According to The Intergovernmental Panel on Climate Change (IPCC), "most of the observed increase in globally averaged temperatures since the mid-twentieth century is very likely due to the observed increase in anthropogenic greenhouse gas concentrations," also known as the greenhouse effect. Causes of the greenhouse effect frequently point to CO2 emissions from automobiles, CFC released in aerosol cans and industrial pollution. These claims are supported by climate model projections that suggest that this increased temperature will cause sea levels to rise, increase the intensity and quantity of extreme weather events such as tsunamis, result in glacier loss and varied amounts of precipitation. However there remain many uncertainties about the causes and effects of global warming in the scientific community and this had lead to disagreement about what actions need to be taken, if any at all.

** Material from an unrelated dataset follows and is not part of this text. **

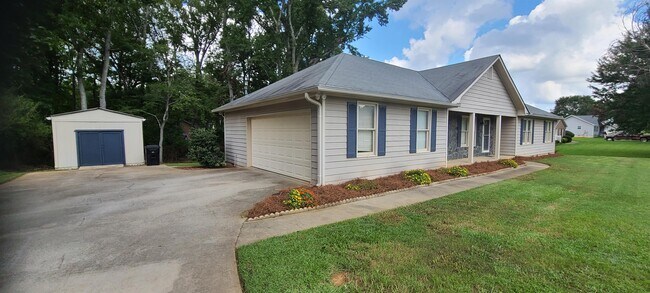 Photo - 106 Overlook Dr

The Kyoto Protocol is aimed at reducing gas emissions and most national governments have supported and ratified this agreement, taking measures to cut back on emissions and seeking alternative energy sources for transportation and renewable energy sources to power communities. Individual nations have initiated their own programs toward this end but many feel that there is little that can be done to reduce or reverse future global warming or what its consequences will be. Larger initiatives seeking alternative energy sources look at wind farms, dam building, solar-powered cities and motion-created energy in sea worms. Because much of the modern world emerged out of a reliance on fossil fuels the change to alternative energy sources is limited and slow because of the readily available fuels and gases.

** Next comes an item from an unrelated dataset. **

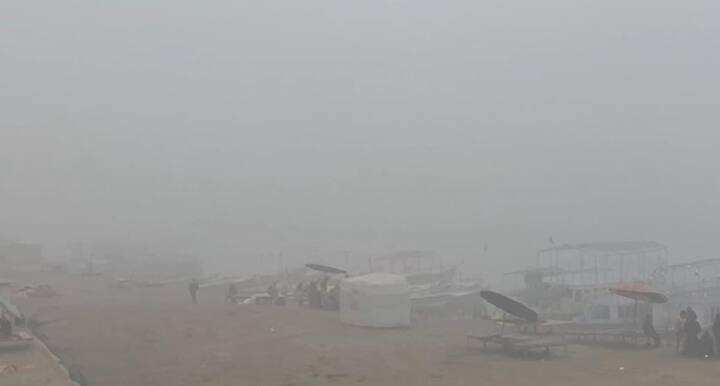 इसके बावजूद कोहरे की सफेद चादर ने अभी भी बनारस सहित आसपास के जनपद को अपनी चपेट में लिया है.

Some leading scientists, such as Professor Bill Grey from Colorado State University, believe global warming is nothing more than an anomaly and a hoax manipulated by the media who are "all out for Pulitzer Prizes." (Achenbach, 2006). Grey is considered the "World's Most Famous Hurricane Expert" and a top atmospheric scientist in his field. In agreement, NASA scientist James Hansen says, "our models were not predicting the ozone hole in 1980 when it was discovered," to which Grey adds that "The models can't even predict the weather in two weeks, much less 100 years," (Achenbach, 2006). Both scientists do not believe in the idea of global warming and have much evidence to support their claims from past models and media-induced fears to paradoxes in the global warming argument. They point to anxieties about sea level rises and counter these with proof that sea levels have fallen in many areas. When shown glaciers that have receded, they find glaciers that have actually gotten larger during this same period. And to the model showing the rise in earth's temperature, they show that in the past Earth's temperature also went through a period of cooling as well and conclude that global warming is just another period which will eventually reverse into a pattern of cooling in the future.

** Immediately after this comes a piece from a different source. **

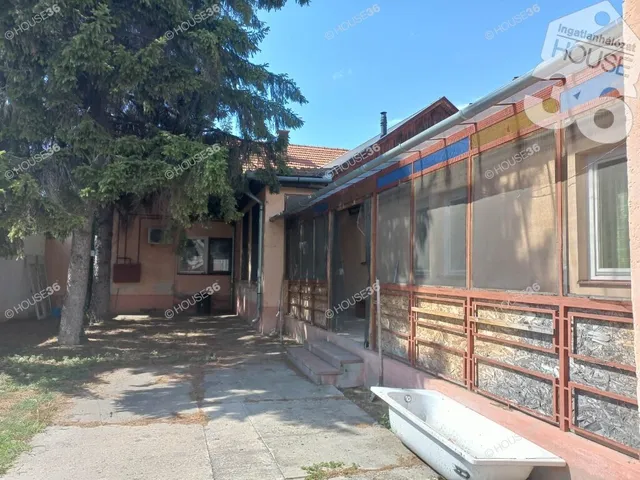 Eladó ház Kecskemét 185 nm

Whether or not global warming exists in the intensity portrayed in the media is arguable. Increased surface temperature does exist but whether it is here to stay and do damage or whether it is just an anomaly that will pass in time is something that can not be concluded.

Achenbach, J. (2006, May 28). The Tempest. Retrieved March 17, 2008, from http://www.washingtonpost.com/wp-dyn/content/article/2006/05/23/AR2006052301305_pf.html.

Hitz, S., & Smith, J. (2004). Estimating global impacts from climate change. Global Environmental Change Part A, 14(3), 201-218.

Karl, T., & Trenberth, K. (2003). Modern Global Climate Change. Science, 302(5651), 1719-1723.